Jamie Dimon, chairman and chief executive officer of JPMorgan Chase & Co. (JPM), said the bank probably won’t keep mortgages on its books under a plan requiring the largest lenders to hold extra capital.

The proposal will distort U.S. markets, what consumers pay for credit and the types of risk banks would be willing to retain on their balance sheets, Dimon said today at a Sanford C. Bernstein & Co. investor conference in New York.

“It’s got consequences that I don’t think they’ve really thought about,” Dimon said of regulators.

Central bankers and financial supervisors worldwide are devising capital, liquidity and risk-management standards for banks, known as Basel III. The Basel Committee on Banking Supervision, named for the city where its meetings are held, is considering forcing so-called global systemically important financial institutions to hold capital buffers equaling as much as 3 percent of risk-weighted assets, people familiar with the negotiations said in March.

As many as 26 institutions may need to raise their minimum capital, Tim Ryan, chief executive officer of the Global Financial Markets Association, an industry group, said in a memo sent to board members.

JPMorgan, the most profitable U.S. bank, won’t make “an adequate return” on certain products under the proposed rules and reduce portfolio assets, including mortgages, that require higher levels of capital, Dimon said.
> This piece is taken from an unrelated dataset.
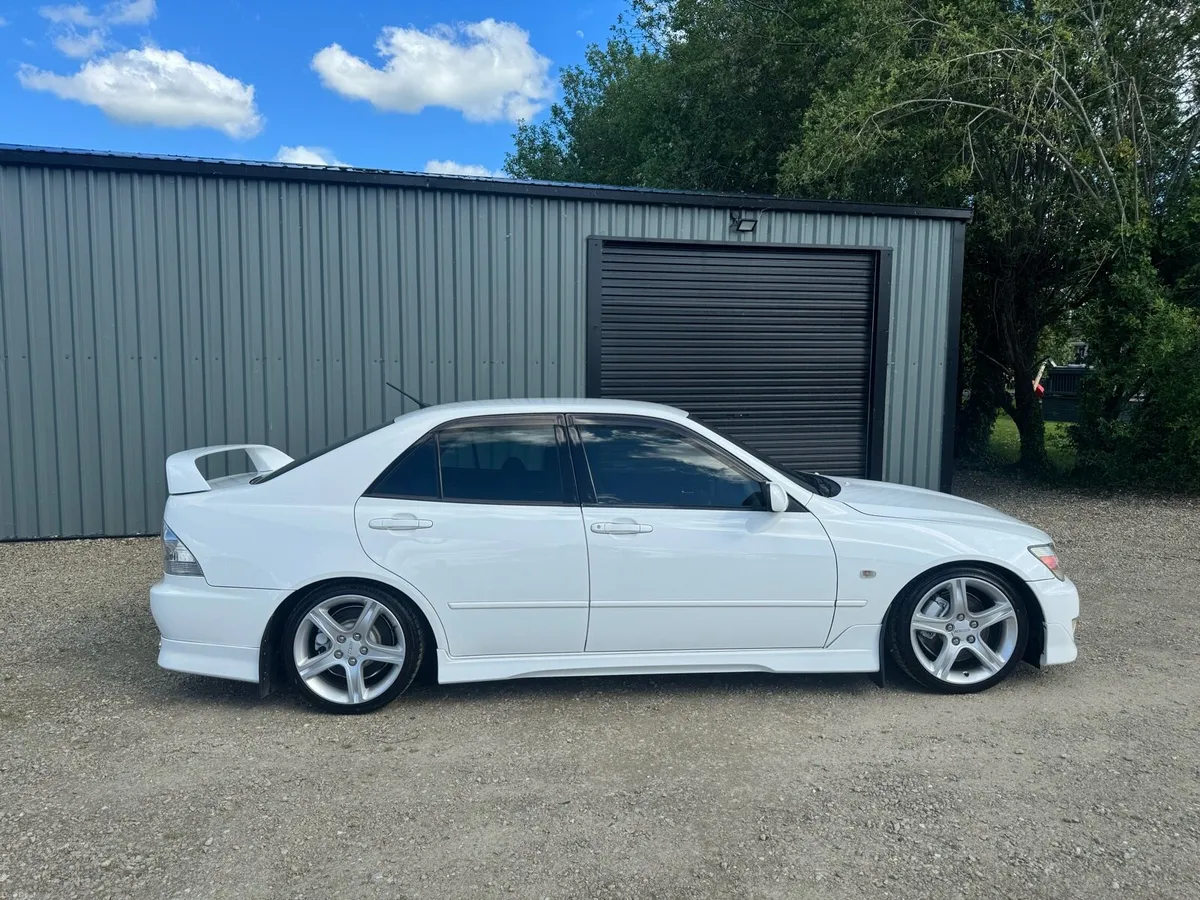 1999 Toyota Altezza - Image 3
“Why would we own mortgages if you can own them at 7 percent capital and I have to own them at 10 percent?” Dimon said. The bank will still originate mortgages, “I just don’t own them,” he said.

Borrowing Costs

The plan also may distort the market favorably for JPMorgan as its borrowing costs probably will decrease and deposits may climb compared with less-capitalized competitors, he said.

The proposal may disadvantage U.S. banks that compete globally, as Dimon said he’s heard that Japan, China and India may be excluded from the rules, giving banks based in those countries a competitive edge.

“We have to make sure we protect our company from a playing field which is really tilted against JPMorgan being a global competitor,” Dimon said. “Over the long run, there are some minuses and pluses for having a lot of capital and being a global” systemically important financial institution, he said.

Bank officials last year agreed to more than double the minimum common equity requirement for lenders to 4.5 percent from 2 percent of assets weighted for risk.

Banks also will be asked to maintain a “capital conservation” buffer of as much as 2.5 percent common equity in periods of “excess credit growth,” bringing total common equity requirements to as high as 7 percent of assets weighted for risk. The capital buffer for systemically important firms would come on top of this new standard.